研究で出力の強さや範囲を強化させることができるが、強化した状態で運用し続けている間は石炭消費量も上がる。また一時的に石炭消費を増やさず強引に高出力にするオーバードライブが使えるが、限界まで使い続けるとジェネレーターが爆発するうえ、限界到達まで1日持たないため使いどころが難しい。小型版として蒸気ハブがあり、好きな場所にジェネレーターのような暖かい場所を提供することができる。
テント
住民たちが済む家。研究を進めると断熱効果の高い宿泊小屋・住居にグレードアップできるが、常に10人しか住めない点は変わりなし。
収集所
ゲーム開始時にある野ざらし資源を直接指定して回収させるよりも効率よく拾うことができる。効果範囲内の資源を回収していくため資源がなくなると機能しなくなる。

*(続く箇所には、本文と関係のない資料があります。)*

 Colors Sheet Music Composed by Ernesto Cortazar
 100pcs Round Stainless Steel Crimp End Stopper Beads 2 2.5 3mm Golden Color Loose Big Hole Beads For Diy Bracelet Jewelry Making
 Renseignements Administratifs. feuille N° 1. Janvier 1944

序盤しか使い道がない施設のように見えるが、石炭を地中から掘り出して石炭の山を作る石炭採掘機の回収で石炭の山に対して使う機会がある。
ワークショップ
都市を強化するための技術研究を行える施設。施設はいくらでも建てられ、数が多いほど研究スピードが上がるが、2棟建てても1.3倍、3棟建てても1.5倍、4棟以降は0.1倍分上乗せされるだけ1.6倍、1.7倍、1.8倍……)と数が多いからものすごく早く進むわけではない。しかし、技術研究が進むことはそれだけゲーム進行が有利になるため、人員に余裕があるなら多めに建てたほうがよい。
施設の維持費自体は存在しないが、研究のためには木材と鉄を要求する。
救護所
病気になった住人を治療して健康な状態に戻せる施設。1軒で5人しか診られないし回復には1日かかる、重症患者は回復不可能と問題点も多く、研究を進めて早く上位施設の診療所に引き上げたい。
ビーコン
都市の外へ探索の遠征を送るスカウトチームを編成できる。スカウトチームは都市の外の専用マップの探索地点を選んで送り出し、到着したら探索を行って次の場所を選んで探索を続ける。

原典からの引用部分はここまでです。